When O’Brien talks to children about what spurred their fear of the dark, she says the most common response is having been exposed to a “jump scare” in a movie or video game. “For young kids, the boundary between reality and fantasy is very hazy,” says O’Brien. “You ask them to describe what they saw and they do it in the most incredible detail, because to them it’s not an image—it’s actually real.”
Beyond that, evidence suggests there's a relationship between children who are more withdrawn and timid in their daily lives and a fear of the dark—or, more specifically, sleeping alone. A driving factor may also just be that bedtime occurs at the end of the day. A time when the amygdala—the primitive part of the brain tasked with regulating our fight-or-flight response—is tired and less capable of warding off our fears. (If a fear of the dark is interrupting your child’s sleep, this can become a self-fulfilling cycle as they’ll be even more tired the following night.)
How to help a kid conquer their night-time fears
As with so many aspects of child-rearing, there are no hard and fast rules when it comes to helping children navigate their nocturnal worries. However, in the face of night terrors and bedtime meltdowns, “it’s a question of giving them whatever they need”, says O’Brien. “Even if that involves letting them sleep in your bed after a nightmare.” Fear is a product of feeling unsafe and, as a parent, you’re the one who can restore your child’s sense of security. To put it another way, tough love probably isn’t going to make the problem go away.
For less intense cases, there are plenty of things to try. O’Brien recommends taking your kids for a walk in the dark, whether that’s through the park behind the house, or out on the street. “You actually see this in some Indigenous cultures, where parents will take children as young as two through the bush at night so that they get familiar with the sounds of the trees and the animals.” There’s also a lot to be said for a gentle nightlight and teddy.

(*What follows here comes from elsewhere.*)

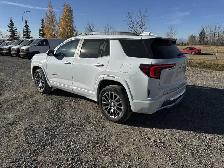 2027 GMC TERRAIN AWD Denali - Photo 8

A 2012 study found that children who were given a “huggy puppy” to sleep with had fewer nightmares and reported less night-time anxiety.
A fear of the dark is normal
In general, though, O’Brien is at pains to reassure parents that a fear of the dark is nothing to worry about. “In most cases, it’s just a developmental phase.” While it might take a few weeks or months (or potentially even years) to resolve, the feeling will eventually ebb. “As a family, you need to decide how long you’re willing to deal with a return to co-sleeping, or a new and perhaps lengthier bedtime routine,” says O’Brien. However, it’s when the fear starts causing serious sleep disruptions, behavioural battles and bedwetting that it can warrant more active intervention.
In these kinds of cases, O’Brien counsels a “gradual decrease of dependence.” This is where you build a step-by-step plan with your child that sees them getting closer and closer to sleeping by themselves. “That might start with you sitting by the bed while they go to sleep, and then moving your chair towards the door over the space of a few weeks.” The key to these programs is consistency and praise—don’t be above offering rewards when your kids reach big milestones.
At the end of the day, says O’Brien, it’s about listening to your child and trying to understand where they’re coming from. “Kids often struggle to express this fear to their parents, but more often than not there’s a distinct trigger.” This could be the drain in the bathroom (thank you, Stephen King’s IT), or a certain painting or a gate that won’t lock. “It might take a bit of detective work, but once you’ve isolated the trigger you can validate their fear and then work on devising fun and playful strategies that will allow you to combat it together.”